-- What is expected --
Set down exactly, from the records below, the line with "Slim-fitting High-waisted Cropped" through the line with "retrocactus patch on", and nothing else.

START Data provided

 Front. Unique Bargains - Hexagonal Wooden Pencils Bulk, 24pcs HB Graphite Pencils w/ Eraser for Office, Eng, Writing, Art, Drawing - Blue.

END Data provided
START Data provided

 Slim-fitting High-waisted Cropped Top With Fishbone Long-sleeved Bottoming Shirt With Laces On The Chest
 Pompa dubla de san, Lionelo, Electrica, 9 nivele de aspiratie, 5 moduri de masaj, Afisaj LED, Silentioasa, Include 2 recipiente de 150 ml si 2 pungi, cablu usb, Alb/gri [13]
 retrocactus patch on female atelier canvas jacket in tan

END Data provided
START Data provided

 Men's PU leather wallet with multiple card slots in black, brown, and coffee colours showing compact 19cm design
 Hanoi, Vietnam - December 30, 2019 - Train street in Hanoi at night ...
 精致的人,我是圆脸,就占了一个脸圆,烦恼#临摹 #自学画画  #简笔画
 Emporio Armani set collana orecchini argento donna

END Data provided

-- Exercise solution --
 Slim-fitting High-waisted Cropped Top With Fishbone Long-sleeved Bottoming Shirt With Laces On The Chest
 Pompa dubla de san, Lionelo, Electrica, 9 nivele de aspiratie, 5 moduri de masaj, Afisaj LED, Silentioasa, Include 2 recipiente de 150 ml si 2 pungi, cablu usb, Alb/gri [13]
 retrocactus patch on female atelier canvas jacket in tan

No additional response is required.